En este Domingo el Señor nos invita a aprender de Él la mansedumbre y la humildad a la par que muchas otras cosas, como el amar a nuestro prójimo hasta el extremo como el Señor nos ha amado a nosotros. Por eso nuestro vivir en comunión de vida con Él no puede llevarnos a huir de nuestras responsabilidades para refugiarnos en el Señor, sino que nos hemos de convertir en portadores de su amor para el mundo entero por medio de nuestras obras, de nuestras palabras y de nuestra vida misma.

La Palabra de Dios, la Eucaristía de este Domingo y la vida del creyente.

Aquel que vive unido por el mismo yugo a Cristo, debe aprender de Él a hacer suyas las fatigas y los agobios de los demás para aliviarles la carga. Quien cree en Cristo, por tanto, no puede convertirse en una carga de dolor, de opresión y de muerte para quienes ya de por sí viven angustiados por una existencia que los ha tratado mal a causa de las personas malas.

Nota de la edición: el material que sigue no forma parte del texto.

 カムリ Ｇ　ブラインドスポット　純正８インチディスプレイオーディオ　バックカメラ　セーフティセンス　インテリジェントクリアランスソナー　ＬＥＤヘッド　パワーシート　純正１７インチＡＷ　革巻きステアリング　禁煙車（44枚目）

Los que pertenecemos a Cristo, al igual que Él y unidos a Él, debemos ser los primeros en implementar acciones que en verdad ayuden a que los más desprotegidos y débiles sientan, desde nosotros, la mano amorosa y misericordiosa de Dios, que se les acerca para manifestarles su amor. Dios nos ha llamado para ser signos de su acción que libera de la opresión a quienes, convertidos en signo del maligno, destruyen, oprimen, roban y asesinan a su prójimo.

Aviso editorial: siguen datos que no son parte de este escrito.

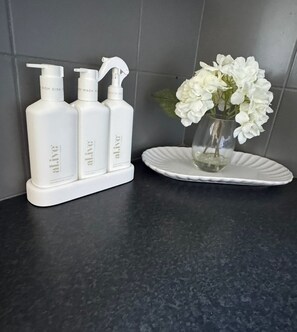 Bathroom amenities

¿Nos quedaremos con los brazos cruzados contemplando el mal en el mundo mientras nosotros, llenos del amor, de la luz y de la paz de Dios nos quedamos con una vida de piedad personal, pero estéril en cuanto al fruto que se espera de nosotros para que, al gustarlo quienes viven en situaciones difíciles, tengan vida y la tengan en abundancia?
Esta es la misión que el Señor nos confía: ser testigos y portadores comprometidos de su amor y de su salvación; ojalá y no endurezcamos nuestro corazón, ni seamos sordos a la voz del Señor y a la encomienda que Él nos ha hecho.

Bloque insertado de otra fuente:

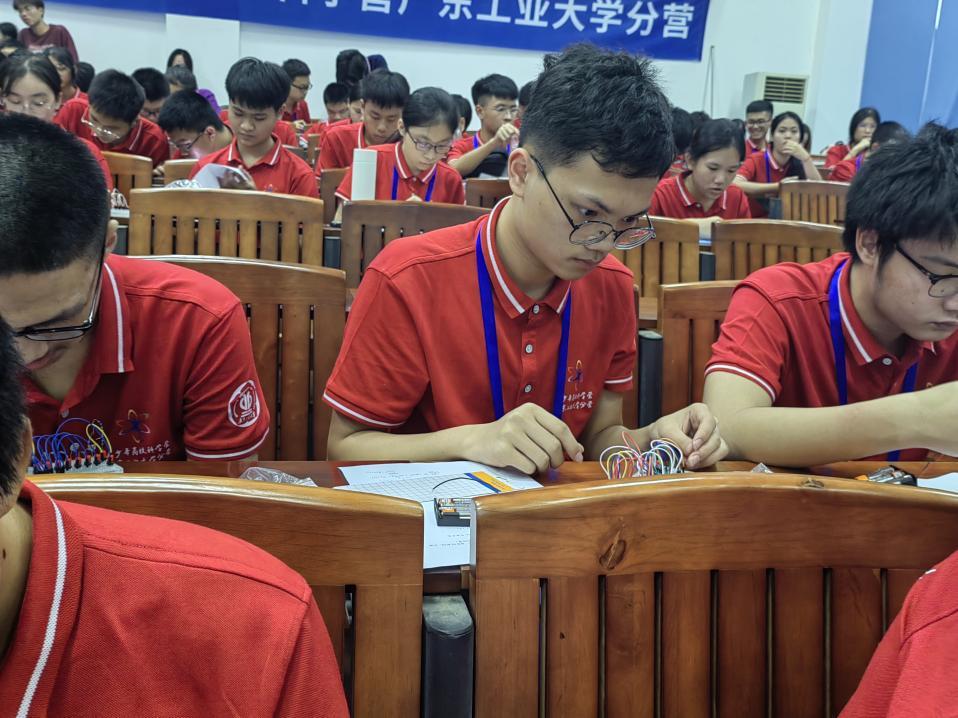 图为河池市宜州区高级中学学生在制作理学架构模型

Roguémosle a nuestro Dios y Padre que nos conceda, por intercesión de la Santísima Virgen María, nuestra Madre, la gracia de que en verdad proclamemos su Nombre y salvación y que, unidos a Cristo, vayamos por delante, dando testimonio del amor salvador de Dios con la entrega de nuestra propia vida en favor de aquellos que necesitan la manifestación del Rostro amoroso y misericordioso de Dios por medio de quienes decimos creer en Él. Amén.